L’État partie devrait promouvoir la réalisation des droits des S ami s en augmentant les pouvoirs de décisions des institutions qui le s représentent, comme le Parlement sami. Il devrait intensifier ses efforts pour réviser sa législation de façon à garantir sans réserve les droits des Samis sur leurs terres traditionnelles, garantissant le respect du droit des communautés samis de participer librement et de façon informée à des consultations préalables à l’élaboration des politiques et aux processus de développement qui les touchent. L’État partie devrait également prendre des mesures appropriées pour permettre dans la mesure du possible que tous les enfants samis sur son territoire reçoivent un enseignement dans leur propre langue.

Le Comité accueille avec satisfaction les actions entreprises par l’État partie pour faire disparaître la discrimination à l’égard des Roms, notamment la réforme de la législation sur l’égalité qui est en cours, mais il se déclare de nouveau préoccupé de ce que les Roms continuent de subir une discrimination de fait et l’exclusion sociale dans le domaine du logement, de l’éducation et de l’emploi. Il s’inquiète en particulier des informations qui continuent de lui parvenir indiquant que des enfants roms sont placés dans des classes d’enseignement spécialisé (art. 26 et 27).

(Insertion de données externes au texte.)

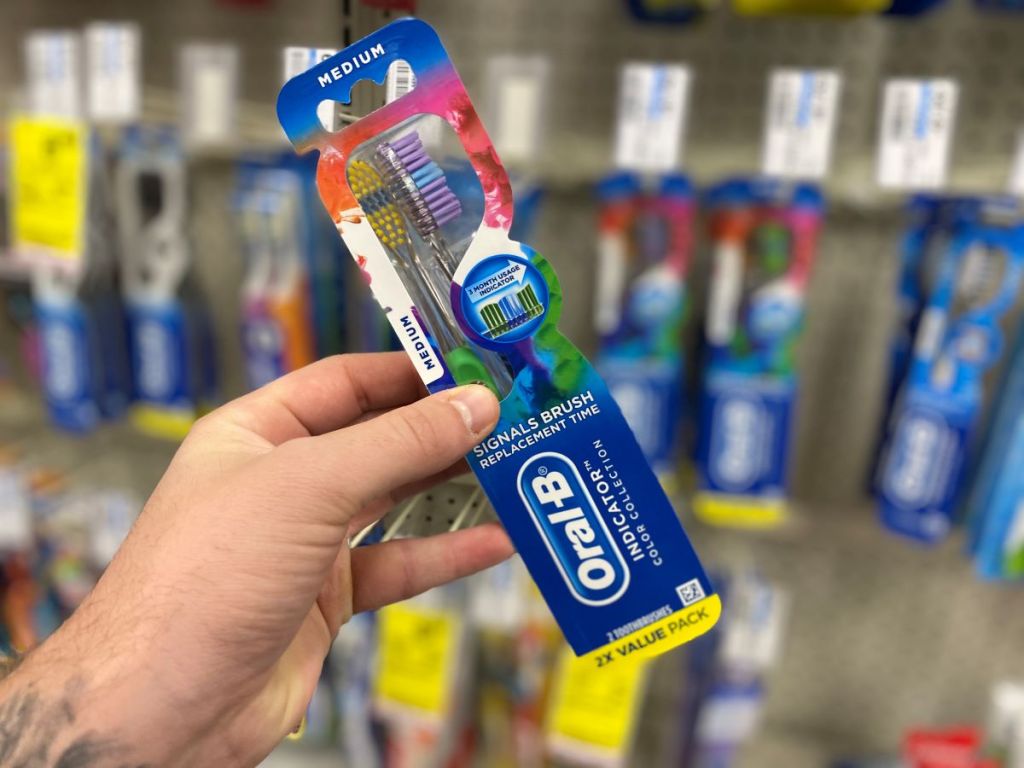 hand holding a 2-pack of Oral-B Toothbrushes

L’État partie devrait prendre des mesures énergiques, notamment en améliorant la législation, pour empêcher la discrimination à l’égard des Roms, en particulier dans le domaine de l’éducation, du logement et de l’emploi, et dégager des ressources supplémentaires pour mettre en œuvre tous les plans destinés à supprimer les obstacles qui entravent l’exercice réel par les Roms des droits qui leur sont reconnus dans le Pacte. L’État partie devrait prendre immédiatement des mesures pour éliminer définitivement la ségrégation des enfants roms dans son système d’enseignement, en veillant à ce que l’inscription à l’école se fasse de façon individualisée et ne soit pas influencée par le groupe ethnique auquel l’enfant appartient.

L’État partie devrait diffuser largement le texte du Pacte et des deux Protocoles facultatifs s’y rapportant, du sixième rapport périodique, des réponses écrites à la liste des points à traiter établie par le Comité et des présentes observations finales, auprès des autorités judiciaires, législatives et administratives, de la société civile et des organisations non gouvernementales présentes dans le pays ainsi qu’auprès du grand public. Le Comité suggère également que le rapport et les observations finales soient traduits dans la langue officielle de l’État partie. Il demande également à l’État partie, lorsqu’il élaborera son septième rapport périodique, d’engager de larges consultations avec la société civile et les organisations non gouvernementales.

Conformément au paragraphe 5 de l’article 71 du Règlement intérieur du Comité, l’État partie devrait faire parvenir, dans un délai d’un an, des renseignements sur la suite qu’il aura donnée aux recommandations figurant dans les paragraphes 10, 11 et 16.

Le Comité demande à l’État partie de faire figurer dans son prochain rapport périodique, qui devra lui parvenir d’ici au 26 juillet 2019, des renseignements précis et à jour sur la suite qu’il aura donnée aux autres recommandations et sur l’application du Pacte dans son ensemble.